Дмитрий Николаевич читал нам современный русский язык, его ассистенткой, которая вела с нами практические занятия, была Евдокия Михайловна Федорук. Ушаков сидел за столом, почти окруженный студентами, которым недоставало места, и говорил о русском языке как о своем хорошем знакомом, без записок, без книг, крутя большими пальцами рук, сложенных на животе. То, что он рассказывал, было ново и интересно, а вместе с тем очень просто и понятно. Но самое замечательное и прекрасное в его лекциях, которые и лекциями‑то называть не хотелось бы, была манера говорения. Он говорил по‑русски, как после того мне уже не доводилось слышать, — просто, со вкусом, всегда правильно и всегда не книжно. Свободно и естественно лилась его старомосковская речь, очень непохожая на ту смесь газетных штампов с жаргонными и энглизированными словечками, произносимыми с «правильностью» книжника‑дьячка, которую я постоянно слышу теперь вокруг себя. В его речи не было ни позы, ни фразы — никакого притязания на эффект, она была по‑настоящему красива и выразительна.
Свой курс Дмитрий Николаевич начал объяснением различия между преподаванием в школе физики и русского языка: в школе излагают не всю физику, но то, что излагают, составляет часть науки физики; а то, чему учат в школе на уроках русского языка, к науке о языке никакого отношения не имеет, и все это он нам посоветовал выкинуть из головы. Лекции Ушакова продолжались два семестра. Он успел рассказать нам о лексике и фонетике, морфологию вместо него излагала Евдокия Михайловна, о синтаксисе вообще речи не было. В лексике же, сколько помню, речь шла преимущественно (если не исключительно) о соотношении старославянского и русского элементов. То, чему нас учил Дмитрий Николаевич, безусловно, было наукой, но наукой уровня начала века, дососсюровской, дободуэновской наукой. Дмитрий Николаевич описывал язык так, как будто не было ничего и никого со времен Фортунатова и Соболевского. Он, вероятно, читал Соссюра и Блумфилда, знал о пражском кружке и о Трубецком, но нам он определял фонему как «социально значимый звук» и, с гордостью называя себя «представителем формальной школы», вероятно, имел о современном формализме сомнительное представление.
Со старшими курсами проф.
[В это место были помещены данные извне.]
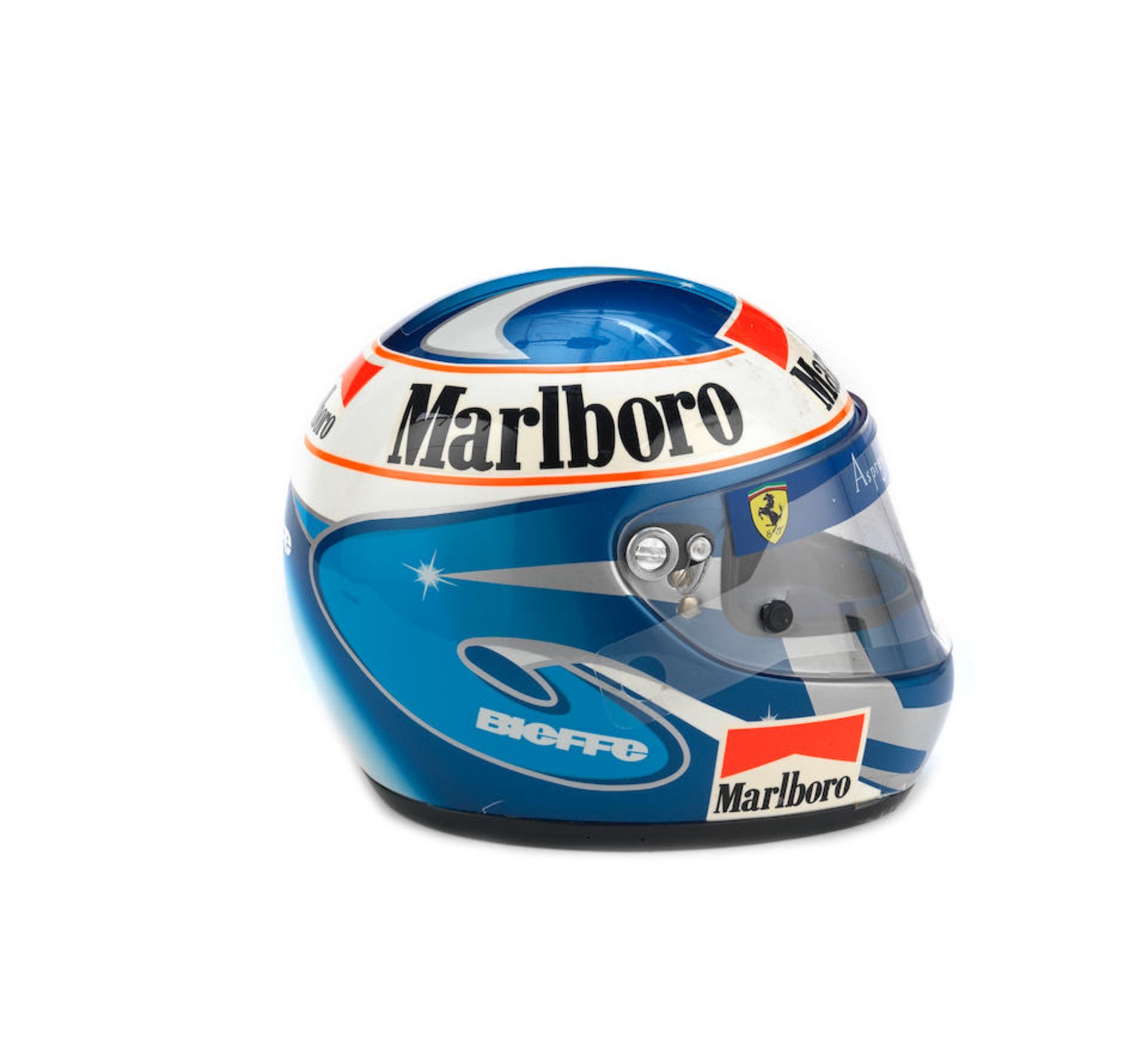 Nicola Larini's 1997 test helmet by Bieffe, ((2))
Ушаков в те годы не занимался, а потому после весенней сессии 1936 года мне уже не доводилось общаться с ним. Скончался он во время войны, в эвакуации, весной 1942 года. Когда через 20 лет я приехал в Ташкент, я попытался найти его могилу, но это мне не удалось. Его ассистентка, официально титуловавшая себя двойной фамилией Федорук‑Галкина (ее муж, проф. Галкин, читал у нас новую западную историю), была фигурой анекдотической, и виной тому была ее собственная бестактность. Пожалуй, это был самый значительный ее недостаток из тех, что бросался в глаза.
Она обожала простодушно и со смаком рассказывать на занятиях студентам о себе самой, украшая свои рассказы такими бытовыми подробностями, о которых вообще не принято говорить.
«Лежим мы как‑то с Илюшей (т. е. с профессором Галкиным) в постели. Я его толк ногой. “Илья, — говорю, — ну что ты (а профессор Галкин был тогда ректором) держишь Ожегова? Ведь он же пьяница…” А Илюша мне отвечает…»
Так запросто в позднейшие годы рассказывала Евдокия Михайловна студентам Московского университета о своих разговорах с мужем на производственные темы, расчесывая свои уже седые волосы и энергически сбрасывая вниз очески.
Нам она на первом же занятии поведала, что она из простых, в детстве пасла корову, была в прислугах у профессора Реформатского (химика), потом вышла в люди, писала диссертацию у Виктора Владимировича Виноградова (причем тот несколько раз заставлял ее все переделывать заново) и т. д. Любила она также пересказывать разные сплетни из «ученого мира» и «называть вещи своими именами», как она говорила, утверждая, что для лингвиста нет запретных слов. Голос у нее был типичный «бабий»: высокий, визгливый, даже с легким «яканьем». Со студентами она обращалась по‑бабьи бесцеремонно, говорила всем «ты», употребляла фамильярные выражения, но со всем тем была баба добрая и зла беспричинно никому не делала.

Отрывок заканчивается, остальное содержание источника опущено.